色の変化
9月の初めに書いたエゾオヤマノリンドウは、あっという間に秋色に変わっていました。ひとつだけぽつりと青い花をつけたものがありましたが、それ以外はみんな花が終わり、葉が緑から赤の美しいグラデーションに染まっています。これが少しずつ根元の方へも広がっていって、やがて全体に赤が広がっていくのも数日のことでしょう。

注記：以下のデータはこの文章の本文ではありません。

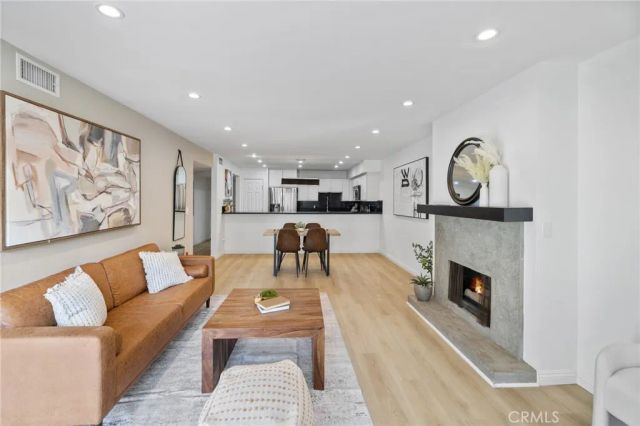 1940 N Highland Avenue 2, Los Angeles, CA 90068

以前は、若葉の色、花の色、紅葉の色と、それぞれ象徴的な色にばかり目を向けていたような気がしますが、最近は変化の過程も面白いと感じられるようになりました。緑色のクロロフィルが低温と乾燥で分解し、緑色に隠れていたカロテノイドの黄色が見えるようになり、落葉の準備のためにアントシアニンが作られて赤くなっていくという、科学的な紅葉の仕組みを垣間見ることができるからなどと書いてしまうと、情緒も何もないように感じられるかもしれませんが、道端のどんな植物もそれぞれ巧妙な仕組みをもっていて、それが美しい色彩をもって現れてくるのですから、美しさの秘密を探ることはイコール科学なのでは、と思えてくるのです。
明日の秋分を過ぎれば、夜はどんどんと長くなり、そして寒さも増してくるでしょう。不安定な空の機嫌もあり、心をざわつかせる日も多くなりそうですが、そんな時でも、足元に目を向けて、美しさの秘密を見つけていきたいと思います。